Warm Bodies (2013)
Directed by: Jonathan Levine
Premise: Taking place amid a zombie apocalypse, an undead young man (Nicholas Hoult) meets a living woman (Teresa Palmer) and his feelings for her cause him to slowly revert back to life.
What Works: Warm Bodies has been marketed to appeal to the Twilight crowd but this is a much better movie and closer to Zombieland or Shaun of the Dead with its wit and intelligence. The filmmakers of Warm Bodies show an understanding for the zombie genre and set about subverting it. Because of that self-awareness, the film is about more than it appears. Under the premise of Warm Bodies, human beings live in an enclosed, militarized community with a giant wall separating them from a zombie-infected city. The zombies are divided into two groups: corpses and skeletons. The corpses are undead people who retain a vague consciousness but are unable to speak in more than grunts and groans and require a diet of human flesh. The skeletons are corpses who have deteriorated to the point of monstrosity and they are entirely governed by their appetite. This set up makes for a clever metaphor of contemporary society, channeling the social criticism of George A. Romero’s zombie films like Dawn of the Dead. Warm Bodies is about a contemporary world in which people are separated by social status and dehumanized by routine. The rejuvenation of life through love is a clever if somewhat hokey idea and it gives this film a fresh approach to a tired genre. Throughout their movie, the filmmakers of Warm Bodies reengineer the zombie film, upending the conventions and in the process interrogating what viewers get out of this genre. It is also a very funny movie, as it pokes fun at the clichés of the zombie film. The premise of Warm Bodies, along with its humor and intelligence, carries the movie through its shortcomings.
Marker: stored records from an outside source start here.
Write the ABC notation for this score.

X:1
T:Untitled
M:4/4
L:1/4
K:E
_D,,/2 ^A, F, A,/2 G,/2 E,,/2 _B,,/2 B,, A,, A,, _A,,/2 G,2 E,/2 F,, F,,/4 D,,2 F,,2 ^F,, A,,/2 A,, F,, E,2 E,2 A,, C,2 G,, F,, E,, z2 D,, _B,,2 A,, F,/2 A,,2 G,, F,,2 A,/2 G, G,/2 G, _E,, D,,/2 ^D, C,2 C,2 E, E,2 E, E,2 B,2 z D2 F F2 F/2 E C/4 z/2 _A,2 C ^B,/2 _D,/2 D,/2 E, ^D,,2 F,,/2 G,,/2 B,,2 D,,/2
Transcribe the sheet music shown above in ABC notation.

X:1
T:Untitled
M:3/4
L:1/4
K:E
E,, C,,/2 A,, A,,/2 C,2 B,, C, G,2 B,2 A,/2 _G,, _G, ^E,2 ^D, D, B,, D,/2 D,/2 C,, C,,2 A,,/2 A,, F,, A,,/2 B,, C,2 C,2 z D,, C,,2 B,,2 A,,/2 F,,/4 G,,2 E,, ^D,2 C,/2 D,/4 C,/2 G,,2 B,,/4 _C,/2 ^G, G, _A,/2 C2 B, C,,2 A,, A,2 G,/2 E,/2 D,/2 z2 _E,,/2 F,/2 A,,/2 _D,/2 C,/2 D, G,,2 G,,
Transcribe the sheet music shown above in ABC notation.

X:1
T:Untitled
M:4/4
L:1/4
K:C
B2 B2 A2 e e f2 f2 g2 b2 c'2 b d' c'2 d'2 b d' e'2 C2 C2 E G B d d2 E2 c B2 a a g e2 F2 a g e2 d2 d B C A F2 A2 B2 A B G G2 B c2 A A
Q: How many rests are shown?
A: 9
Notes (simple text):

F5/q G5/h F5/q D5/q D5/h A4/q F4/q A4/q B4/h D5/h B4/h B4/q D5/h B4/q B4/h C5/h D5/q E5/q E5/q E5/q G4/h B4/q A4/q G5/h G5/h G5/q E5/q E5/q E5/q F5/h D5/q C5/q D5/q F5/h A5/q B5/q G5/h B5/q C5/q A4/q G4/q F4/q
What Doesn’t: Warm Bodies holds very few surprises. Some of this is due to the trailer, which revealed most of the best bits and critical plot points, but Warm Bodies is also very predictable because the story is familiar from other horror-romance mash-ups. The girl-meets-zombie scenario of Warm Bodies is not wholly original; the same premise was seen before in My Boyfriend’s Back and Night of the Living Dorks although Warm Bodies is by far a better movie than those examples. Warm Bodies also treads on obnoxiousness. The thoughts of the lead character are conveyed through voice-over which runs consistently over the first half of the movie. The voice over retreats in tandem with the character’s zombie symptoms but he says very little that is interesting. The rest of the central characters of Warm Bodies are not very compelling either. No one is anything except what they appear to be and most characters are played by fresh faced young actors who look more like the cast of a television sitcom than the survivors of a zombie apocalypse. The premise of Warm Bodies also has a host of problems that will bother zombie aficionados. For instance, if the zombies are undead their bodies would continually decay, meaning that coming back to life would be impossible. More glaringly, Warm Bodies never solves the problem of the corpses’ hunger for human flesh. The lead zombie and his allies just stop eating but the movie never suggests why, especially since their hunger is made to seem irresistible early in the movie. That leads to another problem: this is a zombie movie that is light on gore. Warm Bodies has been made to appeal to a more mainstream audience than Dead Alive but the filmmakers go out of their way to avoid the horrific elements that ought to be central to a movie about flesh-eating zombies.
Bottom Line: Warm Bodies is a respectable entry in the zombie genre. It has serious shortcomings in the storytelling but the movie is entertaining enough for general audiences while also presenting zombie enthusiasts with some novel ideas.